## Description of the task
Would you please transcribe the data in full and exactly, excluding images?
-- Provided records follows --
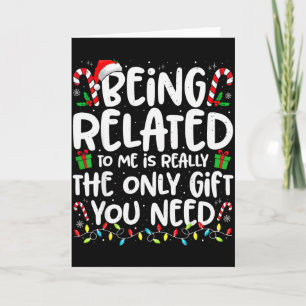Verwante van mij grappige kerst familie Xmas Pyjam Kaart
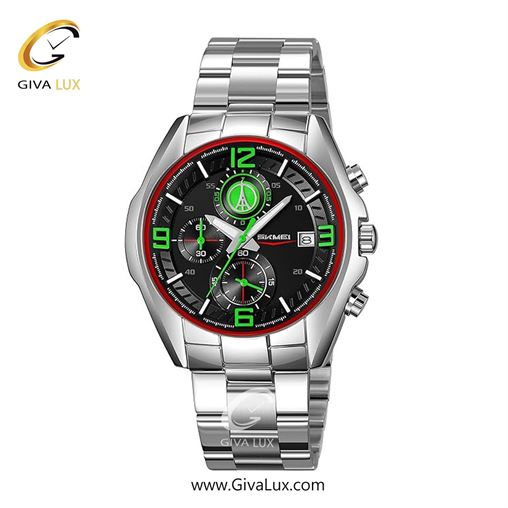 ساعت مچی اورجینال مردانه اسکمی (Skmei) سه موتوره کرنوگراف نقره ای | نقره ای| مشکی-سبز| کد رفرنس 9346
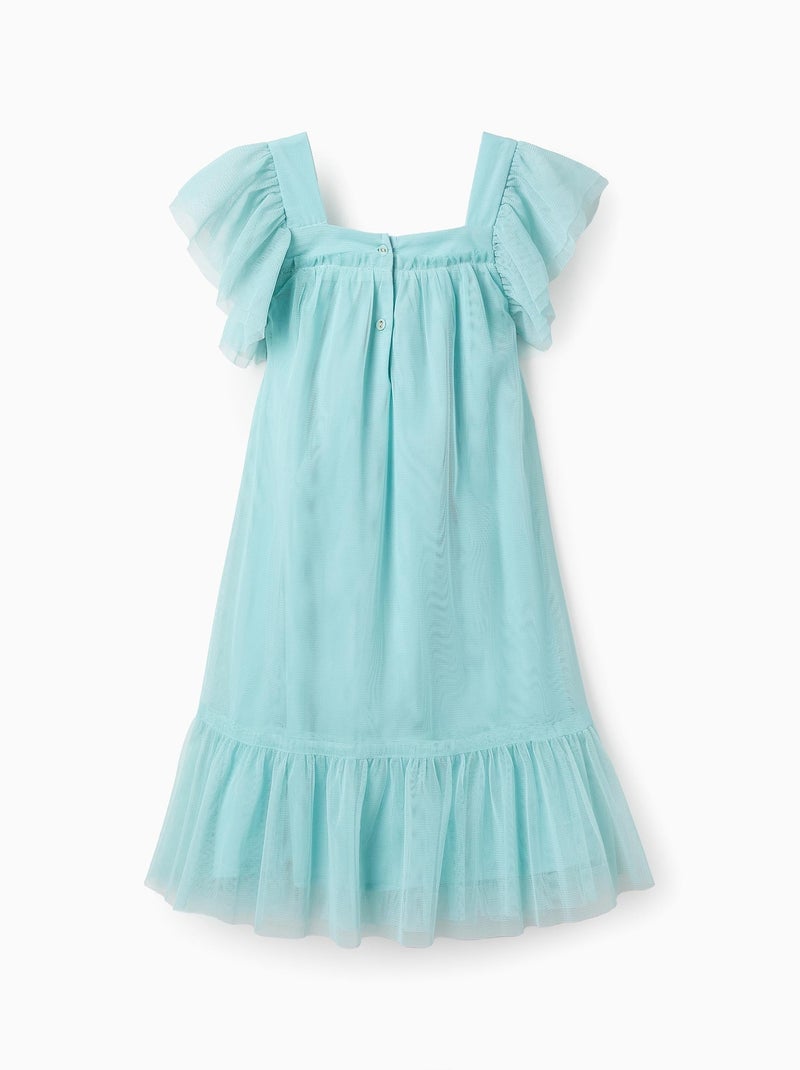Robe en Tulle avec Papillons Bleu clair - Kiabi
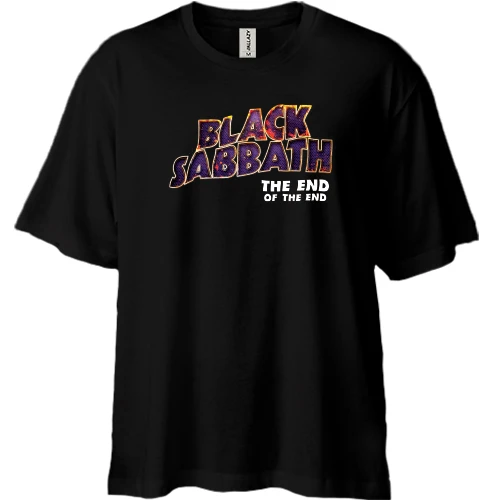 Футболка двунитка Oversize, Черный, Black Sabbath - The end
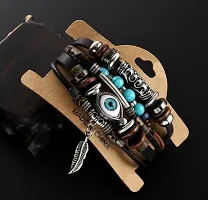 Tribal Evil Eye Genuine Leather Bracelet with Turquoise Stone and Feather Charm-thumb2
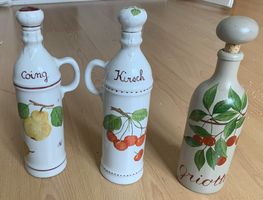 3 handbemalte Flaschen – Quitten - Kirsch - Griotte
-- Provided records concluded --
## The answer
Verwante van mij grappige kerst familie Xmas Pyjam Kaart
 ساعت مچی اورجینال مردانه اسکمی (Skmei) سه موتوره کرنوگراف نقره ای | نقره ای| مشکی-سبز| کد رفرنس 9346
Robe en Tulle avec Papillons Bleu clair - Kiabi
 Футболка двунитка Oversize, Черный, Black Sabbath - The end
 Tribal Evil Eye Genuine Leather Bracelet with Turquoise Stone and Feather Charm-thumb2
 3 handbemalte Flaschen – Quitten - Kirsch - Griotte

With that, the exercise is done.